▸ Work instructions
All of the data should be given again word for word, though the images are to be left out.

▸ Information provided
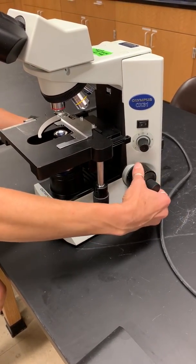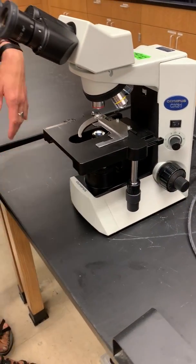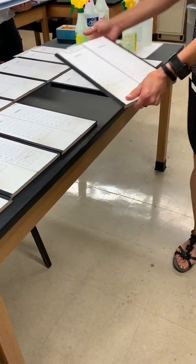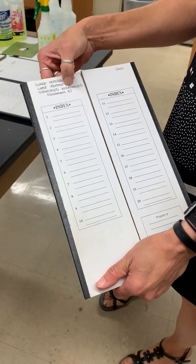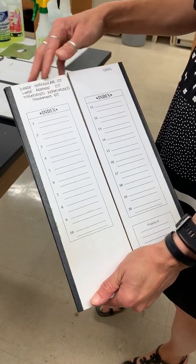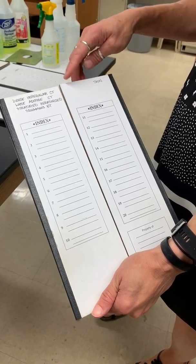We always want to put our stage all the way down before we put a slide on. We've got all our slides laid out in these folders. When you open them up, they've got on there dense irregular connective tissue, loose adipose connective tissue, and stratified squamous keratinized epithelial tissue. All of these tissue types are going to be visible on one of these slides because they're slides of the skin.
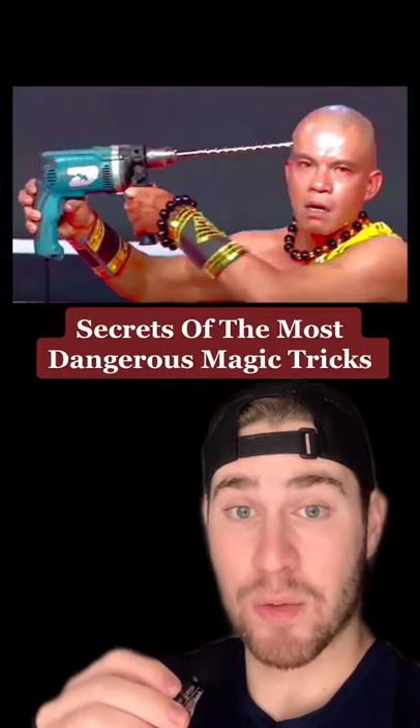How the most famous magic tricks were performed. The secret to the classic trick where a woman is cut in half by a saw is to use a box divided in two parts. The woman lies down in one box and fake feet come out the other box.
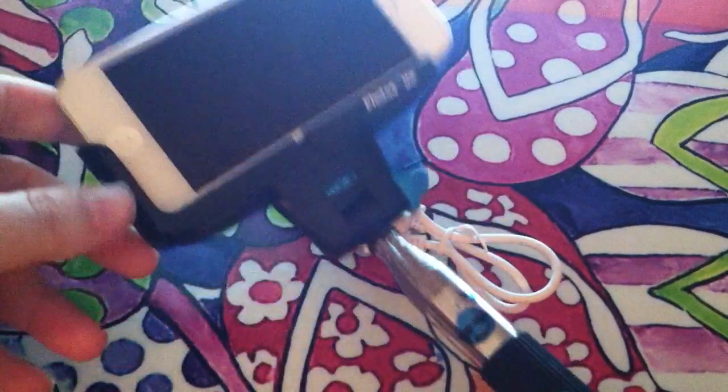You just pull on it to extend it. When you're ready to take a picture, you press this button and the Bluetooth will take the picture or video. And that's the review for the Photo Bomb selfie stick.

▸ Result
We always want to put our stage all the way down before we put a slide on. We've got all our slides laid out in these folders. When you open them up, they've got on there dense irregular connective tissue, loose adipose connective tissue, and stratified squamous keratinized epithelial tissue. All of these tissue types are going to be visible on one of these slides because they're slides of the skin.
How the most famous magic tricks were performed. The secret to the classic trick where a woman is cut in half by a saw is to use a box divided in two parts. The woman lies down in one box and fake feet come out the other box.
You just pull on it to extend it. When you're ready to take a picture, you press this button and the Bluetooth will take the picture or video. And that's the review for the Photo Bomb selfie stick.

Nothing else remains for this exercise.